My step-mom, like so many other step-parents, doesn't really get acknowledged as much as she should. She's has always been there, quietly in the background of my life, making more of an impact than she realizes. Because of her influence, the relationship I have with my dad is much better than it would have been without her. From time I was six years old she has smoothed out the wrinkles and hiccups and acted as a mediator at times. She has always had the amazing gift of being able to calmly state her case in things and keep the peace.
She doesn't know this but I have always looked up her for her sense of grace. She's the kind of woman who can look stunningly put together and calm in the middle if a hurricane. I've never seen her frazzled or unladylike in any situation. She could simply raise an eyebrow at me as a child and I knew I was doing something I ought not to. She reminds me of a southern matriarch, even though she's a German preacher's daughter from North Dakota.

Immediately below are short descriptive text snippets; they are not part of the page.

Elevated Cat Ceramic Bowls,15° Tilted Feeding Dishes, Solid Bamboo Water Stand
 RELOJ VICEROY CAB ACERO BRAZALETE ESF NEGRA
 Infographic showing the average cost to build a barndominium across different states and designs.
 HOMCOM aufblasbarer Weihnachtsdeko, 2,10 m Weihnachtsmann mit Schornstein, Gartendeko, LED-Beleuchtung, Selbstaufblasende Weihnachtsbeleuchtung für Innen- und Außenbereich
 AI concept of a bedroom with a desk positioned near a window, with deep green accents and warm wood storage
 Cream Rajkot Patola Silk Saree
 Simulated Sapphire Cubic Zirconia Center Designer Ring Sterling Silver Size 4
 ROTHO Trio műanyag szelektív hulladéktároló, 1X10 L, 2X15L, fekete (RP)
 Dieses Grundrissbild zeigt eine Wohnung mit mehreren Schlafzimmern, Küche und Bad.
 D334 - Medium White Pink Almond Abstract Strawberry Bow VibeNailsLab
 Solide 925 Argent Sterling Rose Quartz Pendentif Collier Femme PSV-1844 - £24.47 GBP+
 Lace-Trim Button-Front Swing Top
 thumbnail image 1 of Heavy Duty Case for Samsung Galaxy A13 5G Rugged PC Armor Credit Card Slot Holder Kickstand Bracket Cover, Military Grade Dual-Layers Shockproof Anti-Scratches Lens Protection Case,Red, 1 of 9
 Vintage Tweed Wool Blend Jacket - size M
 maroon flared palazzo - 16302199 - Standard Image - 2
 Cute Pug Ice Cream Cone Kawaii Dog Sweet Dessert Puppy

One of the sweetest moments I've shared with my step-mom was the first time she came to see my twins when they were a few days old. I placed tiny, five pound Grant in her arms and watched her wonder at him. She said how amazing it felt. The warmness and tenderness of him. I realized then, she never did that. She never looked into the eyes of her own newborn child. But she loved us greatly. My brother and I came into her life at the ages of 5 and 9. Already quite formed and ornery. She stepped in as a willing participant in our lives but never once tried to take over as "mother". She was always positive when she spoke about my mom. Never undermined, never criticized, never made us feel like we weren't important.
And so, even though I am rotten and forgot her birthday. I want her to know how important and beautiful she is. She's an amazing Nana to my three sons. Their lives are just as blessed as mine has been to have her in it. I'm so thankful they have her to love them!
Happy Birthday to my step-mom, (and Nana) Colleen! We love you!